→ BRIEF: Every entry in the data below needs to be repeated exactly.

== Segment start ==

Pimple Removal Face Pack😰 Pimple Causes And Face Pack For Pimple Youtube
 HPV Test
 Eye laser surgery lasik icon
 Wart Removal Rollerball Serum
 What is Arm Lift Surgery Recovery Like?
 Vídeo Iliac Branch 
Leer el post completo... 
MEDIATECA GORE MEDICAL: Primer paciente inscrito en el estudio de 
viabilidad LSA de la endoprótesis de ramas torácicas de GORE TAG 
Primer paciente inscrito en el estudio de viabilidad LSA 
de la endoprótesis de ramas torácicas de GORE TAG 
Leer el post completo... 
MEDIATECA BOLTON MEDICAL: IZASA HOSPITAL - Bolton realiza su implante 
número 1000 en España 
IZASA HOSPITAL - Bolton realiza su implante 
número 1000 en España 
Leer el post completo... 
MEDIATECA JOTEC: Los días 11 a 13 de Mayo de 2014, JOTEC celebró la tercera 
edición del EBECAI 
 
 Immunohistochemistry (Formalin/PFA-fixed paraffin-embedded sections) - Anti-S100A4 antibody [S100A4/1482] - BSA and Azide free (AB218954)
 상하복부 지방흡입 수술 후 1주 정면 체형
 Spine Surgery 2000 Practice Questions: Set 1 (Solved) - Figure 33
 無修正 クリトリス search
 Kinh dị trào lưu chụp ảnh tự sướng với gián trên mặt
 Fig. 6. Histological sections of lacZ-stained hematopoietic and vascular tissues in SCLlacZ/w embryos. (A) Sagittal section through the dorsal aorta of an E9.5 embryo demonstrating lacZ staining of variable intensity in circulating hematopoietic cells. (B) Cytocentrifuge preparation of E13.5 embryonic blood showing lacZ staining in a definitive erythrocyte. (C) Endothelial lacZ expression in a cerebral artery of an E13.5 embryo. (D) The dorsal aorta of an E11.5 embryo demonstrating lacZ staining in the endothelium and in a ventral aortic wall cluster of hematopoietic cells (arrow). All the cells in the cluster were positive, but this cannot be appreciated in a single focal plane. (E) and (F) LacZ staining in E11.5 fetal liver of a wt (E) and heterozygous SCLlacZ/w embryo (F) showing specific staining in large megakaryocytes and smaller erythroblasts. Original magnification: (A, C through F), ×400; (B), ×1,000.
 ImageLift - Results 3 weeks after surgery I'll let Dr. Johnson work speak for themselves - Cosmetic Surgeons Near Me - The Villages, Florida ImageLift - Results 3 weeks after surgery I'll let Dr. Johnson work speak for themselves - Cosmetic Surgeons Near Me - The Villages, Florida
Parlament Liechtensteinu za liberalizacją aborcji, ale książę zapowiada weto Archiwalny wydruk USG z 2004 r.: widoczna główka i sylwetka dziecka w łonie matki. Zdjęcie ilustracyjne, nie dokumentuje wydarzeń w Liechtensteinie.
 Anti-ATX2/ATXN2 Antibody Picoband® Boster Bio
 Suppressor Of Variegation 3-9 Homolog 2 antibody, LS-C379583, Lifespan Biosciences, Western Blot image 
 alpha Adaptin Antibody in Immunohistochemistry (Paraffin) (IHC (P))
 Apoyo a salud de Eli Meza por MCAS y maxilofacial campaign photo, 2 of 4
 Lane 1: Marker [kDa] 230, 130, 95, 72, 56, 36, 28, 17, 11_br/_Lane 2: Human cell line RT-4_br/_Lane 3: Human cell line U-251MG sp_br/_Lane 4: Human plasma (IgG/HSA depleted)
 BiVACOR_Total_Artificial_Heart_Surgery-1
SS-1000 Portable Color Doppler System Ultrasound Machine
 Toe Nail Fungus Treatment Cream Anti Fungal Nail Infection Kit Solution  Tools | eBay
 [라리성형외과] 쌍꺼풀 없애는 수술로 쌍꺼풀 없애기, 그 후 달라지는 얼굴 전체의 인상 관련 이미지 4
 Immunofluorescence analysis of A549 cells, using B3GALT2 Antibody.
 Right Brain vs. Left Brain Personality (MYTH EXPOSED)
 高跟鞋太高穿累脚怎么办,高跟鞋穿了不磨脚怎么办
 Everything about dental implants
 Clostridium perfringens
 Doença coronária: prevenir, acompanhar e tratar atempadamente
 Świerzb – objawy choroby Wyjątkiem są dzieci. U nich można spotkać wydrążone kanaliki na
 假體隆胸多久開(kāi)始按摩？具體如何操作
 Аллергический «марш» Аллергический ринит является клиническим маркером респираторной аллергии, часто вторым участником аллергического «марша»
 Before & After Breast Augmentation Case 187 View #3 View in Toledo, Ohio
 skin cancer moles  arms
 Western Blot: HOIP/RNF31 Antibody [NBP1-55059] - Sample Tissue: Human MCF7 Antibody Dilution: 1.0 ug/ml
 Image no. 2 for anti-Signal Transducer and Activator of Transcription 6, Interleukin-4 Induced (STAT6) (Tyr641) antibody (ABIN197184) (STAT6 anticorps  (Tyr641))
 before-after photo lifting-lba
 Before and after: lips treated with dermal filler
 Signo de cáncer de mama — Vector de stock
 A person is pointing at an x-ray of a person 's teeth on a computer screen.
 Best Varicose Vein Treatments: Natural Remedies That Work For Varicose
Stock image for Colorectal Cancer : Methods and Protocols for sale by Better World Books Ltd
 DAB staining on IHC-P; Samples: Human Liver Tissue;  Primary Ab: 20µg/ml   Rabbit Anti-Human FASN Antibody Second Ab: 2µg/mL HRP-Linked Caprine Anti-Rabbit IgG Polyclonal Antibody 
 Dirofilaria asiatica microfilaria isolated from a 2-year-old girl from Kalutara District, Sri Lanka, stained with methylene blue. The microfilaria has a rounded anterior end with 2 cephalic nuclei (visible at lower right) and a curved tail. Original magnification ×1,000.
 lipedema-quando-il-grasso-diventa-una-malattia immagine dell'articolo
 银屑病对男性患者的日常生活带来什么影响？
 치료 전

== Segment end ==

→ ANSWER FOR THE TASK:
Pimple Removal Face Pack😰 Pimple Causes And Face Pack For Pimple Youtube
 HPV Test
 Eye laser surgery lasik icon
 Wart Removal Rollerball Serum
 What is Arm Lift Surgery Recovery Like?
 Vídeo Iliac Branch 
Leer el post completo... 
MEDIATECA GORE MEDICAL: Primer paciente inscrito en el estudio de 
viabilidad LSA de la endoprótesis de ramas torácicas de GORE TAG 
Primer paciente inscrito en el estudio de viabilidad LSA 
de la endoprótesis de ramas torácicas de GORE TAG 
Leer el post completo... 
MEDIATECA BOLTON MEDICAL: IZASA HOSPITAL - Bolton realiza su implante 
número 1000 en España 
IZASA HOSPITAL - Bolton realiza su implante 
número 1000 en España 
Leer el post completo... 
MEDIATECA JOTEC: Los días 11 a 13 de Mayo de 2014, JOTEC celebró la tercera 
edición del EBECAI 
 
 Immunohistochemistry (Formalin/PFA-fixed paraffin-embedded sections) - Anti-S100A4 antibody [S100A4/1482] - BSA and Azide free (AB218954)
 상하복부 지방흡입 수술 후 1주 정면 체형
 Spine Surgery 2000 Practice Questions: Set 1 (Solved) - Figure 33
 無修正 クリトリス search
 Kinh dị trào lưu chụp ảnh tự sướng với gián trên mặt
 Fig. 6. Histological sections of lacZ-stained hematopoietic and vascular tissues in SCLlacZ/w embryos. (A) Sagittal section through the dorsal aorta of an E9.5 embryo demonstrating lacZ staining of variable intensity in circulating hematopoietic cells. (B) Cytocentrifuge preparation of E13.5 embryonic blood showing lacZ staining in a definitive erythrocyte. (C) Endothelial lacZ expression in a cerebral artery of an E13.5 embryo. (D) The dorsal aorta of an E11.5 embryo demonstrating lacZ staining in the endothelium and in a ventral aortic wall cluster of hematopoietic cells (arrow). All the cells in the cluster were positive, but this cannot be appreciated in a single focal plane. (E) and (F) LacZ staining in E11.5 fetal liver of a wt (E) and heterozygous SCLlacZ/w embryo (F) showing specific staining in large megakaryocytes and smaller erythroblasts. Original magnification: (A, C through F), ×400; (B), ×1,000.
 ImageLift - Results 3 weeks after surgery I'll let Dr. Johnson work speak for themselves - Cosmetic Surgeons Near Me - The Villages, Florida ImageLift - Results 3 weeks after surgery I'll let Dr. Johnson work speak for themselves - Cosmetic Surgeons Near Me - The Villages, Florida
Parlament Liechtensteinu za liberalizacją aborcji, ale książę zapowiada weto Archiwalny wydruk USG z 2004 r.: widoczna główka i sylwetka dziecka w łonie matki. Zdjęcie ilustracyjne, nie dokumentuje wydarzeń w Liechtensteinie.
 Anti-ATX2/ATXN2 Antibody Picoband® Boster Bio
 Suppressor Of Variegation 3-9 Homolog 2 antibody, LS-C379583, Lifespan Biosciences, Western Blot image 
 alpha Adaptin Antibody in Immunohistochemistry (Paraffin) (IHC (P))
 Apoyo a salud de Eli Meza por MCAS y maxilofacial campaign photo, 2 of 4
 Lane 1: Marker [kDa] 230, 130, 95, 72, 56, 36, 28, 17, 11_br/_Lane 2: Human cell line RT-4_br/_Lane 3: Human cell line U-251MG sp_br/_Lane 4: Human plasma (IgG/HSA depleted)
 BiVACOR_Total_Artificial_Heart_Surgery-1
SS-1000 Portable Color Doppler System Ultrasound Machine
 Toe Nail Fungus Treatment Cream Anti Fungal Nail Infection Kit Solution  Tools | eBay
 [라리성형외과] 쌍꺼풀 없애는 수술로 쌍꺼풀 없애기, 그 후 달라지는 얼굴 전체의 인상 관련 이미지 4
 Immunofluorescence analysis of A549 cells, using B3GALT2 Antibody.
 Right Brain vs. Left Brain Personality (MYTH EXPOSED)
 高跟鞋太高穿累脚怎么办,高跟鞋穿了不磨脚怎么办
 Everything about dental implants
 Clostridium perfringens
 Doença coronária: prevenir, acompanhar e tratar atempadamente
 Świerzb – objawy choroby Wyjątkiem są dzieci. U nich można spotkać wydrążone kanaliki na
 假體隆胸多久開(kāi)始按摩？具體如何操作
 Аллергический «марш» Аллергический ринит является клиническим маркером респираторной аллергии, часто вторым участником аллергического «марша»
 Before & After Breast Augmentation Case 187 View #3 View in Toledo, Ohio
 skin cancer moles  arms
 Western Blot: HOIP/RNF31 Antibody [NBP1-55059] - Sample Tissue: Human MCF7 Antibody Dilution: 1.0 ug/ml
 Image no. 2 for anti-Signal Transducer and Activator of Transcription 6, Interleukin-4 Induced (STAT6) (Tyr641) antibody (ABIN197184) (STAT6 anticorps  (Tyr641))
 before-after photo lifting-lba
 Before and after: lips treated with dermal filler
 Signo de cáncer de mama — Vector de stock
 A person is pointing at an x-ray of a person 's teeth on a computer screen.
 Best Varicose Vein Treatments: Natural Remedies That Work For Varicose
Stock image for Colorectal Cancer : Methods and Protocols for sale by Better World Books Ltd
 DAB staining on IHC-P; Samples: Human Liver Tissue;  Primary Ab: 20µg/ml   Rabbit Anti-Human FASN Antibody Second Ab: 2µg/mL HRP-Linked Caprine Anti-Rabbit IgG Polyclonal Antibody 
 Dirofilaria asiatica microfilaria isolated from a 2-year-old girl from Kalutara District, Sri Lanka, stained with methylene blue. The microfilaria has a rounded anterior end with 2 cephalic nuclei (visible at lower right) and a curved tail. Original magnification ×1,000.
 lipedema-quando-il-grasso-diventa-una-malattia immagine dell'articolo
 银屑病对男性患者的日常生活带来什么影响？
 치료 전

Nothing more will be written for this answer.